Mohammed Dahlan, l’ex capo della sicurezza di Fatah, basato ad Abu Dhabi, ha visitato Addis Abeba in una visita annunciata ufficialmente. Quello che non è stato annunciato, secondo una fonte bene informata, è stato che il suo capo, il principe Mohammed bin Zayed, fosse con lui. L’Egitto sta resistendo all’offensiva del fascino turco e non ci sono stati miglioramenti.
“L’Egitto vorrebbe che Ankara prendesse almeno una misura simbolica sulla presenza in Turchia della Fratellanza Musulmana,” ha detto a MEE un funzionario.
Se questo è quello di cui ci sarebbe bisogno, non potrà concretizzarsi. La Fratellanza Musulmana non ha in Turchia una presenza fisica, come può essere un ufficio regionale. Quindi non c’è nulla che possa essere chiuso. Prendersela con persone appartenenti alla grande comunità egiziana espatriata in Turchia, vorrebbe dire estradarle, cosa che la Turchia non farà. Non vi è neppure una qualsiasi pressione turca sui media egiziani a Istanbul. Il Cairo apprezzerebbe in modo speciale la chiusura del canale televisivo Al Sharq.
“Le autorità turche non hanno nulla da offrire e neppure da togliere se si parla di Al Sharq Channel perché non ci finanzia la Turchia e neppure il Qatar,” così il suo proprietario, Ayman Nour, il politico di opposizione egiziano, ha detto a MEE. “Non abbiamo percepito alcun cambiamento turco relativamente a Al Sharq.” (Dalle ultime notizie sembra che Ankara abbia chiesto a questi canali un ammorbidimento di linea, ndr)
Inoltre far qualcosa del genere comporterebbe un cambiamento strategico non solo in politica estera ma anche in politica interna. Pur essendo la Turchia una repubblica laica, Erdogan è quanto di più prossimo a un leader di orientamento islamico. Nessuna di queste tensioni sull’asse che tanti sforzi ha fatto per sopprimere la democrazia e le libere elezioni è definitiva. I diversi attori potrebbero usare queste aperture verso i nemici dichiarati come reciproche monete di scambio.
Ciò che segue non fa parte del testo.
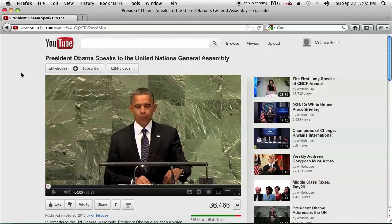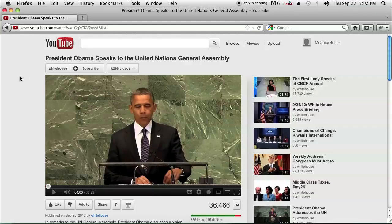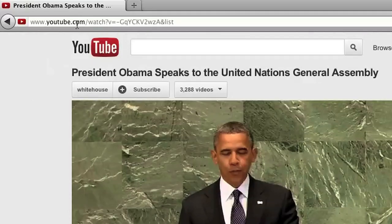So as you can see, I have YouTube opened up, a video opened up on YouTube that's part of public domain because it's from the White House's YouTube channel. If you notice on the top, it says youtube.com/watch?v= and then a whole bunch of letters.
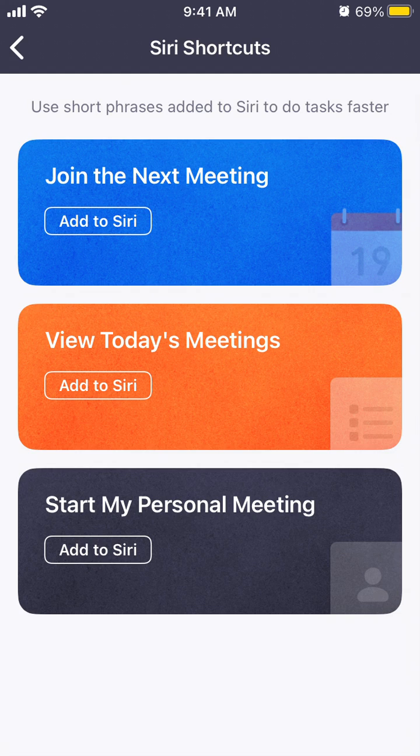You can use short phrases added to Siri to faster perform some Zoom-related tasks. For example, if you want to start your personal meeting, you can say something like 'Hey Siri, start a personal meeting,' and it will trigger the Zoom app to start a personal meeting.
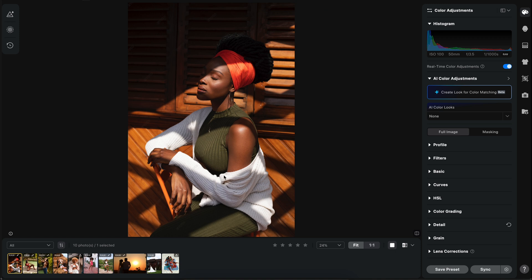You have to understand what tones are and how color grading affects the tones in your image. Tones are highlights, shadows, mid-tones, whites, and blacks. Colors affect your highlights differently, your mid-tones differently, and your shadows — same can be said for blacks and whites. You have to understand how they blend seamlessly into each other. Skin tones are majorly found in the mid-tones.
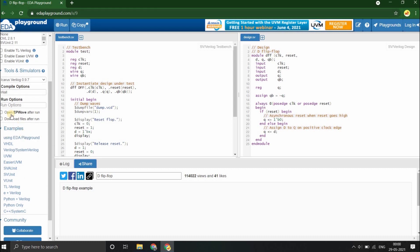Note these two important options. You can click on Open EPWave after run. EPWave is a browser-based waveform viewer that opens your waveforms after run of the design. Let's click that. It is a useful option. You can also download the files after run.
Ma l’asse stesso si indebolisce e le lezioni per loro nella regione sono chiare. Quando le relazioni di politica estera si basano su patti segreti fra leader, ognuno dei quali ha buone ragione per temere il suo stesso popolo, sono relazioni costruite sulla sabbia. Se invece sono basate sugli interessi strategici dei loro popoli, allora sono più durevoli. Più gli interessi nazionali si basano sugli interessi dei popoli invece che su quelli dei loro governanti, più stabile sarà la regione.
Fino ad oggi ci sono stati calorosi abbracci un giorno, e coltellate alla schiena il giorno successivo.